Sunday, 28 November 2010

A Perfume is for Life as well as just for Christmas

As a very young editor I was changing planes at Frankfurt on my way back from Warsaw and took a moment to buy a bottle of scent (duty was very high in those days).  Except I had no idea what I was looking for and little time.  The commessa looked me over and handed me a   tiny box. "No you can't try it", she said briskly, "Just buy it."  I gave her what felt like an enormous amount of cash and headed for my plane.

This is what I had taken so meekly:

'There are perfume legends, there are perfumer legends, and then there are perfumes that become obsessions. Fracas is all three, which is a hat trick less common that you’d think. Still more extraordinary, Fracas is built on a concept of tuberose, a small white flower (unrelated to rose; the name comes from the Latin word describing the plant’s tuberous root system) that generates an overpowering scent and is notorious among perfumers for being a difficult raw material to master. Which is perhaps why Fracas’s perfumer, Germaine Cellier, managed it.

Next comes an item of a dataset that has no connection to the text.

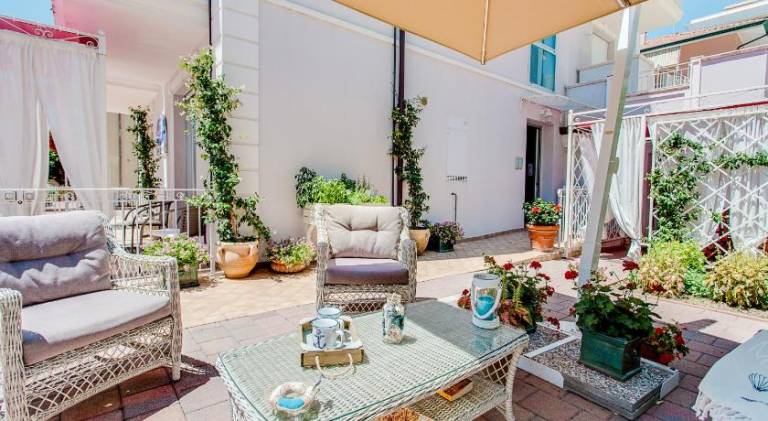 Serviced apartment with terrace & yard | Dogs allowed in Rimini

Born in Bordeaux in 1909, Cellier was a pioneer in every sense: a professional woman, a chemist, an artist working in the olfactory medium, tall, beautiful, abrasive (and possibly lesbian), a brilliant and intellectually voracious friend of Cocteau, a proponent of synthetic raw materials. She was also the creator of a striking style. “She transposed Fauvism and Abstractionism into perfume,” Jeannine Mongin has written. “She created in dissonance.”

And the creations have lasted. During WWII, the designer Robert Piguet asked Cellier for a perfume. She created Bandit for him in 1944. In 1946, she did Coeur Joie for Nina Ricci, and in 1947 the landmark Vent Vert for Balmain. Then Piguet asked her for another scent.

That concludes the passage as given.